Where's the commandment about driving a hybrid?


The Vatican has published a list of 10 Commandments for drivers. They are:

1. You shall not kill.

2. The road shall be for you a means of communion between people and not of mortal harm.

3. Courtesy, uprightness and prudence will help you deal with unforeseen events.

4. Be charitable and help your neighbor in need, especially victims of accidents.

5. Cars shall not be for you an expression of power and domination, and an occasion of sin.

6. Charitably convince the young and not so young not to drive when they are not in a fitting condition to do so.

7. Support the families of accident victims.

8. Bring guilty motorists and their victims together, at the appropriate time, so that they can undergo the liberating experience of forgiveness.

9. On the road, protect the more vulnerable party.

10. Feel responsible toward others.

Except for maybe #6, I'm having a hard time seeing what is so car-specific about most of those commandments, which I would think could apply to a host of life situations (for example, shouldn't we protect the more vulnerable party in all circumstances, not just on the road? And isn't killing supposed to be avoided off the road as well as on?) And I hate to say this, but #3 sounds like it came right out of a horoscope or a fortune cookie.

And where's the commandment that says, "When feasible, try to use alternate forms of transportation that will reduce your carbon footprint"?

I suppose I shouldn't make light of this subject. Cardinal Renato Martino was quoted as saying,"We know that as a consequence of transgressions and negligence, 1.2 million people die each year on the roads. That's a sad reality, and at the same time, a great challenge for society and the church." He has a point.

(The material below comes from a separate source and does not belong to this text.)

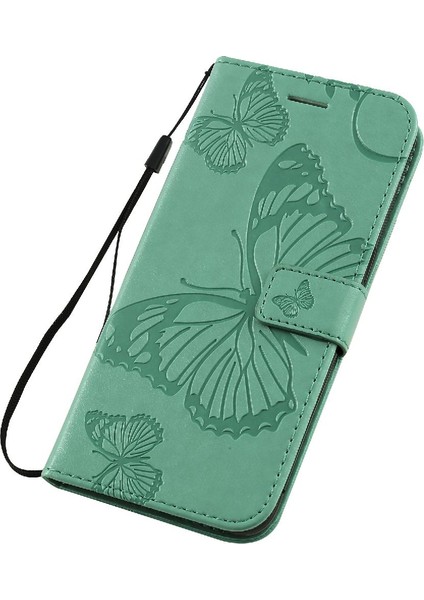 Oppo A1K Için Flip Case/c2 Darbeye Kapak Pu Deri Manyetik Kapak Çevirin (Yurt Dışından) fırsatları
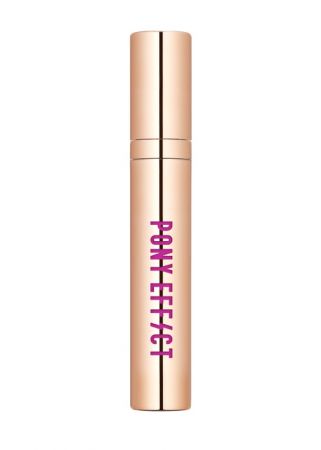 PONY EFFECT 超閃耀水凝唇釉,4.5g,NT$690(#ADORE YOU)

I have personal experience with this, since my mother died in an automobile accident. I have written on other occasions about how society on the one hand takes this vast carnage on the roads for granted as the price of living in the modern world, and on the other hand how it reacts with extended national horror to other tragedies where far fewer people die. There is a bit of a discrepancy going on there.

But personally, I think it might be more valuable as an act of social responsibility to look at the social consequences of how the people of Western cultures, particularly the US, are so wedded to their cars that they have managed to wreak havoc on the environment, both by creating suburban sprawl and in producing greenhouse gases. I say this even though I am a bit of a hypocrite; like everyone else, I drive sometimes more than I should. But I also believe that this is both a matter of individual and social responsibility, since communities can do more to promote such alternatives as public transportation and bicycling. And given the moral consequences of what we are doing to the Earth,
I would much rather that religious leaders focused more on the environmental consequences of automobile driving.


Livingsword said...

I am wondering about #1 (You shall not kill). The word kill denotes not just the taking of human life but the taking of animal life (it does not say murder). That may be an interesting “accidental” view.

Another interesting aspect is are these meant as works righteousness towards salvation or are they intended only as sanctification?

As these were not declared from the “throne of Peter” I guess they are just suggestions more than commandments.

In the end they are at least trying to do something good by bringing some attention to something that is sadly happens far too frequently.